She has focused on four films in the context of the rest of Sámi film history. The films she used as reference movies are: Pathfinder, The Minister of State, Bazo and The Kautokeino Rebellion.
“One characteristic of newer Sámi films is that the experience of loss is often an important aspect of the story, either by indirect references or concrete actions – like loss of language, loss of culture, loss of dignity. Sámi Blood certainly fits into this thematic pattern.
“Let the river live!”
The development of Sámi filmmaking goes hand-in-hand with the historical development of relations between Sámi culture and society at large. Strong protests against developing the Alta-Kautokeino waterway marked a turning point in modern Sámi history. The conflict also marked a turning point in Sámi film history.
The Alta controversy was a political conflict, in which the government stepped in to dam the river and submerge large land areas that were used for reindeer herding, hunting and fishing. This led to massive protests and rebellion in the Sámi population.
Environmental and nature protection groups were also strongly involved in the case, and the popular movement in the late 1970s against development of the Alta-Kautokeino waterway unified the Sámi, and local and national conservation organizations. Numerous large demonstrations followed at the Stilla construction site in Finnmark county and in front of the parliament building in Oslo, where the “Let the river live” slogan sounded a steady beat both on the northern plateau and in Oslo’s downtown.
Norway received harsh international criticism for its treatment of the Sámi people.

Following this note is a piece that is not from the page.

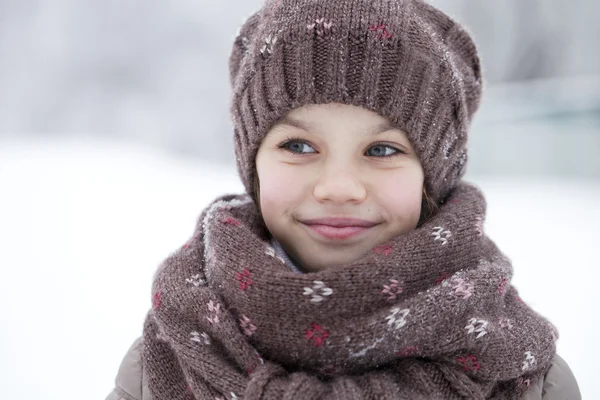 Niña feliz en el fondo de un parque de invierno — Foto de Stock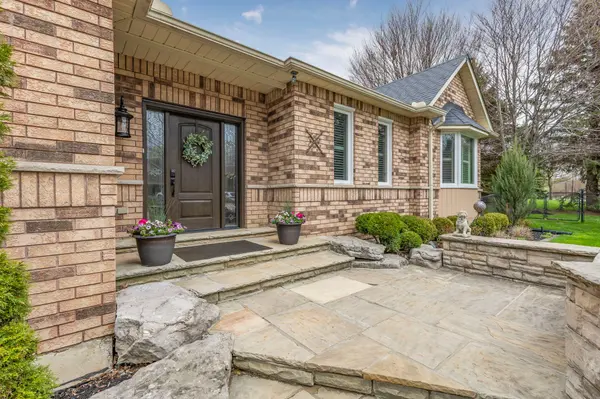 100 Colonel Wayling BLVD, East Gwillimbury, ON L0G 1V0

The Alta dam was built despite these massive protests. However, the case still had great importance for Sámi identity, creating fertile ground for a new Sámi pride in their own culture and language. This greater sense of self-awareness led to a total reform of Norwegian Sámi policy. The first Sámi Rights Commission was established in 1980, the Norwegian Parliament passed the Sámi Act in 1987, a separate constitutional amendment was adopted to develop the Sámi language, culture and society, and in 1989 the Sámi Parliament was established.
Norway was also the first country to ratify ILO Convention No. 169 on Indigenous and Tribal Peoples, which recognizes the Sámi in Norway as an indigenous people with special rights.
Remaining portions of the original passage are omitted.